* [INPUT DATA]
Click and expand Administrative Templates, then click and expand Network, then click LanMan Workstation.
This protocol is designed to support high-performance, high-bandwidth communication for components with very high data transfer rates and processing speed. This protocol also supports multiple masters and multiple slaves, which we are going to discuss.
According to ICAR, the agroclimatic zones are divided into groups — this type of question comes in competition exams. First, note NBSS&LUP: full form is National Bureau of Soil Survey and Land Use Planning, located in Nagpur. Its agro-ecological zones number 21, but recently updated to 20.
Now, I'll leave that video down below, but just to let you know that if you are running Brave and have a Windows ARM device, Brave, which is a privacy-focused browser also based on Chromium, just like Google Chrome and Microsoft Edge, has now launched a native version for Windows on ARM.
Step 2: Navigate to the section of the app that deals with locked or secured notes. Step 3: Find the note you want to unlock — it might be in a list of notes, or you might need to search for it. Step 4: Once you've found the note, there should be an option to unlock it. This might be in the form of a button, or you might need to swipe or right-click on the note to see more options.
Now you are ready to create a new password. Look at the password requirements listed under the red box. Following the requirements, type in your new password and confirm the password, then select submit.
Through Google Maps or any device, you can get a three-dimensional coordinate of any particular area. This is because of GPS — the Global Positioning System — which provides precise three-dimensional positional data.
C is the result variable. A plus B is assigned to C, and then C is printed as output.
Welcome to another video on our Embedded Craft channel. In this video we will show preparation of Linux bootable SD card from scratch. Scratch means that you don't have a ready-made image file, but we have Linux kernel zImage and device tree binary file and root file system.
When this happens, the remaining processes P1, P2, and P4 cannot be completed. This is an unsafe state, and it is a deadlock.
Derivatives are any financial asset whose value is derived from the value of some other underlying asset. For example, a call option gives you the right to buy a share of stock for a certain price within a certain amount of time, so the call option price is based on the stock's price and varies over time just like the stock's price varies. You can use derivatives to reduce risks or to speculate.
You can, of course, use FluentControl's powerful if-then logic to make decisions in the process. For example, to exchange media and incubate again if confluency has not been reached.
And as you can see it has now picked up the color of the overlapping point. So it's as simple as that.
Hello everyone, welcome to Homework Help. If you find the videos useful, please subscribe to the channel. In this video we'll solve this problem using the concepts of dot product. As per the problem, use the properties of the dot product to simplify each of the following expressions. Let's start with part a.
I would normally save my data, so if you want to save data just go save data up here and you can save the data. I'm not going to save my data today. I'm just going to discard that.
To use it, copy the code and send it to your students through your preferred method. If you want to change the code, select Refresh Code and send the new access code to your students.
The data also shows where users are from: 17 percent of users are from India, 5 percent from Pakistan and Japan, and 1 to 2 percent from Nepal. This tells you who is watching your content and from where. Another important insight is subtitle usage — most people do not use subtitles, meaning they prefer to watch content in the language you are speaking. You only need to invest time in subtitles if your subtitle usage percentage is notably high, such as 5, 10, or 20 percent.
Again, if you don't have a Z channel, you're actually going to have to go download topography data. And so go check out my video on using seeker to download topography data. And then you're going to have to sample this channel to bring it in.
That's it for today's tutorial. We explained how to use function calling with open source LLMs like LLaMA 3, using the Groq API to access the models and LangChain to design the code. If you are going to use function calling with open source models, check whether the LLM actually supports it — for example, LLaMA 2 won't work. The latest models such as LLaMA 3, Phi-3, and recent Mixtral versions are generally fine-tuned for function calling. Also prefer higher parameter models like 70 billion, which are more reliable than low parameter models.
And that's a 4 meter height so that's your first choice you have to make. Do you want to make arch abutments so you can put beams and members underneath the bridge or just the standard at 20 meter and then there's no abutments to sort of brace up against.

* [YOUR GOAL] Find the word "based" in the records, and report each line that has it.

* [SOLUTION TO THIS EXERCISE]
Now, I'll leave that video down below, but just to let you know that if you are running Brave and have a Windows ARM device, Brave, which is a privacy-focused browser also based on Chromium, just like Google Chrome and Microsoft Edge, has now launched a native version for Windows on ARM.
Derivatives are any financial asset whose value is derived from the value of some other underlying asset. For example, a call option gives you the right to buy a share of stock for a certain price within a certain amount of time, so the call option price is based on the stock's price and varies over time just like the stock's price varies. You can use derivatives to reduce risks or to speculate.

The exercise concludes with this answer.